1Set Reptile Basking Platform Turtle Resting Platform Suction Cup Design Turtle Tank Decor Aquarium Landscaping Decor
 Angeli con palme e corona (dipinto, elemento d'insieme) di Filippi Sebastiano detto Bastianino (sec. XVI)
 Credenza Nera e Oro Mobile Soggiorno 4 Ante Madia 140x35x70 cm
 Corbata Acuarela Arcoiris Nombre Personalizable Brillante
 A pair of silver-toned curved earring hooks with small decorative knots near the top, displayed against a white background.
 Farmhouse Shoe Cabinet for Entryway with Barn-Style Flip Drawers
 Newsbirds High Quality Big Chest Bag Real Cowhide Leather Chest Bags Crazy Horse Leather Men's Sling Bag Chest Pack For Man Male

- What the exercise asks -
Copy the whole of the data above exactly.

- Your solution -
1Set Reptile Basking Platform Turtle Resting Platform Suction Cup Design Turtle Tank Decor Aquarium Landscaping Decor
 Angeli con palme e corona (dipinto, elemento d'insieme) di Filippi Sebastiano detto Bastianino (sec. XVI)
 Credenza Nera e Oro Mobile Soggiorno 4 Ante Madia 140x35x70 cm
 Corbata Acuarela Arcoiris Nombre Personalizable Brillante
 A pair of silver-toned curved earring hooks with small decorative knots near the top, displayed against a white background.
 Farmhouse Shoe Cabinet for Entryway with Barn-Style Flip Drawers
 Newsbirds High Quality Big Chest Bag Real Cowhide Leather Chest Bags Crazy Horse Leather Men's Sling Bag Chest Pack For Man Male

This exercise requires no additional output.